Ottawa Fire Services

Operational area
- Country: Canada
- Address: 1445 Carling Avenue Ottawa, ON K1Z 7L9

Agency overview
- Established: 2001
- Annual calls: 106,667 (2023)
- Employees: 1,500 (2023)
- Staffing: Career, Paid volunteer
- Commissioner: Kim Ayotte
- Fire chief: Paul Hutt
- EMS level: CFR
- IAFF: 162
- Motto: Protecting the Nation's Capital with Honour

Facilities and equipment
- Divisions: 9
- Battalions: 9
- Stations: 45
- Engines: 50
- Trucks: 17
- Rescues: 6
- Ambulances: See Ottawa Paramedic Service
- Tenders: 18
- HAZMAT: 2
- Rescue boats: 6

Website
- Official website

= Ottawa Fire Services =

Fire service of Ottawa, Ontario, Canada

The Ottawa Fire Services (OFS; French: Service des incendies d’Ottawa) provides fire protection, technical rescue services, hazardous materials response, and first responder emergency medical assistance to the city of Ottawa, Ontario, Canada.

==Organization==

Like most North American fire departments, the Ottawa Fire Services is organized in a paramilitary fashion.
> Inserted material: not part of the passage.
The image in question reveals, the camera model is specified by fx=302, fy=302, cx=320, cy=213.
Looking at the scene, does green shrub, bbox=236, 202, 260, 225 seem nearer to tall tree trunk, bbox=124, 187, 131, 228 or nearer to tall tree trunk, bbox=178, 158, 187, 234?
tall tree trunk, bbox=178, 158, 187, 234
The current Chief of the department is Paul Hutt. Serving under Hutt are three Deputy Chiefs, four Platoon Chiefs, five Division Chiefs, four Rural Sector Chiefs and twenty District Chiefs. At the station level, each urban station has a Captain for each of the four platoons. Each truck in the fleet is under the command of either a Captain or Lieutenant. For rural paid-on-call stations, each station has a station Captain and four Lieutenants.

==History==

The current Ottawa Fire Services came into existence in 2001 with the amalgamation of nine fire departments from Ottawa and the surrounding areas. The nine former departments include the Ottawa Fire Department, Gloucester Fire Department, Cumberland Fire Department, Kanata Fire Department, Nepean Fire Department, Osgoode Fire Department, Rideau Fire Department, Goulbourn Fire Department and West Carleton Fire Department.

==Operations==

There are 45 fire stations located across Ottawa, including 16 Paid On-Call stations and 5 composite stations. The stations are assigned to 9 district operations units. On Friday September 3, 2010, Chief deHooge announced that a three-year trial testing the use of 24-hour shift rotations would begin in January 2011. In Canada twelve of the fifteen largest fire departments are using the 24-hour shift rotation.

==Equipment==

Currently, City of Ottawa firefighters are issued tan Starfield Lion bunker gear, black leather Haix structural fire boots, and traditional black Cairns 664 structural firefighting helmets for firefighters, red 664 for Lieutenants and Captains and white 664 for Chief Officers. In 2015, the department phased out their SCBAs (previously the ISI Viking), and replaced them with the MSA Firehawk M7XT with Rescue Belt II system and Ultra Elite facepiece.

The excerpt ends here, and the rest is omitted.